Only certain lines below are wanted: those starting at the line containing "Mercedes-Benz B 200" and ending at the line containing "دم فرشی کودک", both included, each retyped exactly.
++++ Source material
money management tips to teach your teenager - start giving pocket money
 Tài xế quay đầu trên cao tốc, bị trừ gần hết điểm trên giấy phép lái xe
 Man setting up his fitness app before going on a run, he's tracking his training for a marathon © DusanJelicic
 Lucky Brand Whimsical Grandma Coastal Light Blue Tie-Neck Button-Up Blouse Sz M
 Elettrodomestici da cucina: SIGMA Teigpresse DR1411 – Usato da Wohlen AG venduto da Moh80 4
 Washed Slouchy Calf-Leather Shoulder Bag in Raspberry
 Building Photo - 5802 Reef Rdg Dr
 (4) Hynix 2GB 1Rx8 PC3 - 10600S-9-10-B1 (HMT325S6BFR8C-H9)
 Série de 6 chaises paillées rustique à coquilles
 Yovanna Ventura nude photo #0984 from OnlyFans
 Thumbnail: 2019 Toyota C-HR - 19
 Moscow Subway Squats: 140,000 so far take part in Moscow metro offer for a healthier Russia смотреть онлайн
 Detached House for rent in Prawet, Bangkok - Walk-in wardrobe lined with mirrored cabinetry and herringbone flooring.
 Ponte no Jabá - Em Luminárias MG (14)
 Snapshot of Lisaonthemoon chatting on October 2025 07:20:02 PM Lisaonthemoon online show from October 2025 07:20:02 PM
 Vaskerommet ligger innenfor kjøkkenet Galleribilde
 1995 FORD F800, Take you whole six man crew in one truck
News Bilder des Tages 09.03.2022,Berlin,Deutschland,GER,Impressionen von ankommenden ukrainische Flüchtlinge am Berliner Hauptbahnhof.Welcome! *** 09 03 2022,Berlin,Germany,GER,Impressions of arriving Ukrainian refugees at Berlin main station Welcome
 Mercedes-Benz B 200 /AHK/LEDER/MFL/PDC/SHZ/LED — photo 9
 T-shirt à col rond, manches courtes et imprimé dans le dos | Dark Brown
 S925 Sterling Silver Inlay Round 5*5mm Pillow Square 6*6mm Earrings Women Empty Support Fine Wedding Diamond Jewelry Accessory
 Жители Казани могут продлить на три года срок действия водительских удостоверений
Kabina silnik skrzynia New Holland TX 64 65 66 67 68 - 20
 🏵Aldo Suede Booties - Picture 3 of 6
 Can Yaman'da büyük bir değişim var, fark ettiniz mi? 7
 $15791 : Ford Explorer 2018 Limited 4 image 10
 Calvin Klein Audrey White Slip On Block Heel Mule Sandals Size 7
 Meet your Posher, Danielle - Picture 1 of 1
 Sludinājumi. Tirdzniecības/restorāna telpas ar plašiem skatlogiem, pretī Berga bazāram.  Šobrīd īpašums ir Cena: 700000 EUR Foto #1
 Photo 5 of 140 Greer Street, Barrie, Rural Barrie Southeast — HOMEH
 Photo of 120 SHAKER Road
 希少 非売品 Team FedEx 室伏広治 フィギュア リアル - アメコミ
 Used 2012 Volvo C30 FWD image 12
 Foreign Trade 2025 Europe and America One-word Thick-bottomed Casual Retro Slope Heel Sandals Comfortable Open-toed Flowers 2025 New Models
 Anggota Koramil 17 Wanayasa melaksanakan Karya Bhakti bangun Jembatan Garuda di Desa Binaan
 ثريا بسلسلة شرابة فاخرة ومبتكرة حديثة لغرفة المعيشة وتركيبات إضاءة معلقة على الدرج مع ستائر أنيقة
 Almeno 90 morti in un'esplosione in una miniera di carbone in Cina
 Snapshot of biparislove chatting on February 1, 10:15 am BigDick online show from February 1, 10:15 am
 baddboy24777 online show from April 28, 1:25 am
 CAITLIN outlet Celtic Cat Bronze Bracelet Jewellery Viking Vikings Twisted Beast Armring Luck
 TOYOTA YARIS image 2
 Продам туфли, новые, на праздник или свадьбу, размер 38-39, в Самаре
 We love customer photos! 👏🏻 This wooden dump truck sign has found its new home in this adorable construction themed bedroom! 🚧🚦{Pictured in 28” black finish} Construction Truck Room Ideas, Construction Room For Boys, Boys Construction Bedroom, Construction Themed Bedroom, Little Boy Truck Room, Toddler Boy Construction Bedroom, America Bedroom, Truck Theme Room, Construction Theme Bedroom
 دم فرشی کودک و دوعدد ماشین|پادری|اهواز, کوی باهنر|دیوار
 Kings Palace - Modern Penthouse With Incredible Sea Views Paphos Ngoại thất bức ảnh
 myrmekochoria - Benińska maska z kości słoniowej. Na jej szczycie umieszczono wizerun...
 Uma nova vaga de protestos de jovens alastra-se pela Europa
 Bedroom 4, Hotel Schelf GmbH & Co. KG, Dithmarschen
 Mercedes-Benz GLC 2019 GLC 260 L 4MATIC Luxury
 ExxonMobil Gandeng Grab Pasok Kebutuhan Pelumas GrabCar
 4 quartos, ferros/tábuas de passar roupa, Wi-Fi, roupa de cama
++++++++
§ **Your response**:
 Mercedes-Benz B 200 /AHK/LEDER/MFL/PDC/SHZ/LED — photo 9
 T-shirt à col rond, manches courtes et imprimé dans le dos | Dark Brown
 S925 Sterling Silver Inlay Round 5*5mm Pillow Square 6*6mm Earrings Women Empty Support Fine Wedding Diamond Jewelry Accessory
 Жители Казани могут продлить на три года срок действия водительских удостоверений
Kabina silnik skrzynia New Holland TX 64 65 66 67 68 - 20
 🏵Aldo Suede Booties - Picture 3 of 6
 Can Yaman'da büyük bir değişim var, fark ettiniz mi? 7
 $15791 : Ford Explorer 2018 Limited 4 image 10
 Calvin Klein Audrey White Slip On Block Heel Mule Sandals Size 7
 Meet your Posher, Danielle - Picture 1 of 1
 Sludinājumi. Tirdzniecības/restorāna telpas ar plašiem skatlogiem, pretī Berga bazāram.  Šobrīd īpašums ir Cena: 700000 EUR Foto #1
 Photo 5 of 140 Greer Street, Barrie, Rural Barrie Southeast — HOMEH
 Photo of 120 SHAKER Road
 希少 非売品 Team FedEx 室伏広治 フィギュア リアル - アメコミ
 Used 2012 Volvo C30 FWD image 12
 Foreign Trade 2025 Europe and America One-word Thick-bottomed Casual Retro Slope Heel Sandals Comfortable Open-toed Flowers 2025 New Models
 Anggota Koramil 17 Wanayasa melaksanakan Karya Bhakti bangun Jembatan Garuda di Desa Binaan
 ثريا بسلسلة شرابة فاخرة ومبتكرة حديثة لغرفة المعيشة وتركيبات إضاءة معلقة على الدرج مع ستائر أنيقة
 Almeno 90 morti in un'esplosione in una miniera di carbone in Cina
 Snapshot of biparislove chatting on February 1, 10:15 am BigDick online show from February 1, 10:15 am
 baddboy24777 online show from April 28, 1:25 am
 CAITLIN outlet Celtic Cat Bronze Bracelet Jewellery Viking Vikings Twisted Beast Armring Luck
 TOYOTA YARIS image 2
 Продам туфли, новые, на праздник или свадьбу, размер 38-39, в Самаре
 We love customer photos! 👏🏻 This wooden dump truck sign has found its new home in this adorable construction themed bedroom! 🚧🚦{Pictured in 28” black finish} Construction Truck Room Ideas, Construction Room For Boys, Boys Construction Bedroom, Construction Themed Bedroom, Little Boy Truck Room, Toddler Boy Construction Bedroom, America Bedroom, Truck Theme Room, Construction Theme Bedroom
 دم فرشی کودک و دوعدد ماشین|پادری|اهواز, کوی باهنر|دیوار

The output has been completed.